Thanks to Len for suggesting our Baby Name of the Day.
SWANS in LEGEND & MYTH
Swans – the birds – are known for being drop-dead gorgeous.
They’re the supermodel diva of the avian world. Ducks are their cousins, but while ducks are approachable, mostly harmless little creatures – think Daffy or Donald – swans are more forbidding.
They feature in myths and legends aplenty:
The mute swan, found in Europe and Asia, is one of the oldest birds on record. Operas like Lohengrin and Parsifal are swan-centric. The Ugly Duckling turns into a swan. In many a story, the swan is mute only until death – at which time, he belts out an achingly gorgeous swan song.
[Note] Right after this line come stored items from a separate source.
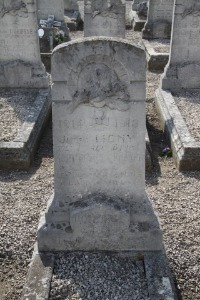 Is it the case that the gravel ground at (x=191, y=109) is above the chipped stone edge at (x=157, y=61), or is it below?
below

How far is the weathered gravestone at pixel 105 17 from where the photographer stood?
8828mm

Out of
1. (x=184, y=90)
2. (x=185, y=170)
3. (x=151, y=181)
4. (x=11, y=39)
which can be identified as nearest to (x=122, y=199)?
(x=151, y=181)

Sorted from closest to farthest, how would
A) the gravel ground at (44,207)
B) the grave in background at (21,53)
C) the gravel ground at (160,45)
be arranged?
the gravel ground at (44,207) < the grave in background at (21,53) < the gravel ground at (160,45)

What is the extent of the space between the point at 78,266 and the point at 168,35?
1081cm

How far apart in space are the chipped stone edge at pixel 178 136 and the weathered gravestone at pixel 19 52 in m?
2.66

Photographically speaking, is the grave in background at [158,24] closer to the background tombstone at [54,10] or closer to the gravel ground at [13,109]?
the background tombstone at [54,10]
Tchaikovsky’s ballet Swan Lake is based on a mix of Russian and German folk tales. It was first performed in 1877 – when it flopped. Since then, it’s become one of the best-known and most-performed ballets of all-time.
In Greek myth, the beautiful Helen of Troy was fathered by Zeus in the form of a swan. They’re also sacred to the god Apollo, sometimes depicted pulling his chariot.
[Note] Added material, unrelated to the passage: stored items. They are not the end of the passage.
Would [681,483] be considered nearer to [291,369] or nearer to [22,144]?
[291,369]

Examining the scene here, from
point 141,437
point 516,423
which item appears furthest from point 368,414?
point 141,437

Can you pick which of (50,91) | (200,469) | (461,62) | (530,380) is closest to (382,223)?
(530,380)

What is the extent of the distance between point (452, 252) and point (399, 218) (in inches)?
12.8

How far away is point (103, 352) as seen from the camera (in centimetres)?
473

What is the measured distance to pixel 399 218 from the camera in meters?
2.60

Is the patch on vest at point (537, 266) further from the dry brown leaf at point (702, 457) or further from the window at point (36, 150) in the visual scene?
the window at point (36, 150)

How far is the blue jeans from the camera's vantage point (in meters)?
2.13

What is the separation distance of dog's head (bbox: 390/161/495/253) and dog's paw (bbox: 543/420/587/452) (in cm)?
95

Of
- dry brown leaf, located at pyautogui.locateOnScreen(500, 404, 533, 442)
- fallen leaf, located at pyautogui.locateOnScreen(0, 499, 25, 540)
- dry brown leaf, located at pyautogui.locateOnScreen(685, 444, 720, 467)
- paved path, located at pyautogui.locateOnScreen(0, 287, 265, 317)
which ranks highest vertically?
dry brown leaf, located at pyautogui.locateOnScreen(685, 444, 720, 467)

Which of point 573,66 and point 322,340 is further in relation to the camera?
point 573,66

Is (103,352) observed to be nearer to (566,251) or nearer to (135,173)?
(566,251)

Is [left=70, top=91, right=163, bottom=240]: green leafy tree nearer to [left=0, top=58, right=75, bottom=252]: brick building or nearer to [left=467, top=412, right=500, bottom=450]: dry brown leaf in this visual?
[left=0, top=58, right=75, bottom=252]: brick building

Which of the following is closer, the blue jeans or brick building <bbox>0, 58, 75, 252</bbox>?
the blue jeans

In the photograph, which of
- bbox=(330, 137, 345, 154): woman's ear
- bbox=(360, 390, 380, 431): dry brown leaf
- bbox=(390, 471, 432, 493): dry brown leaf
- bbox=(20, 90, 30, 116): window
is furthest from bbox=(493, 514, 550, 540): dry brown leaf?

The Children of Lir is an Irish legend about a wicked stepmother who turns her husband’s children into the birds until the curse is broken.
They’re important in Hinduism, and St. Hugh of Lincoln is said to have kept a pet swan.
Then there are swan maidens – a young woman who can take on the form of a swan, possibly thanks to a curse – in European folk legend. They’re also mixed up with the idea of prophecy. “It swans me” is an archaic way of saying “I have a feeling.”
It’s also possible to “swan about.” It might mean moving in a dramatic, exaggerated fashion. Or it can suggest wandering aimlessly.
The more familiar phrase, though, is likely “swan song.” It signifies a final performance. And that takes us all the way back to those mute swans who, legend has it, sing only at death.
Black swans are associated with something rare. (Though they’re native to Australia, where they’re perfectly common.)
A 1942 novel called The Black Swan was about a swashbuckling pirate.
Then there’s the 2010 movie, the one about Swan Lake, with the good and virtuous ballerina who falls apart, caught in the roles of Odile and Odette. Natalie Portman won an Oscar for her work.
SVAN and SWAN
The baby name Swan might be rare in English, but it’s a familiar name element in Old Norse: svan.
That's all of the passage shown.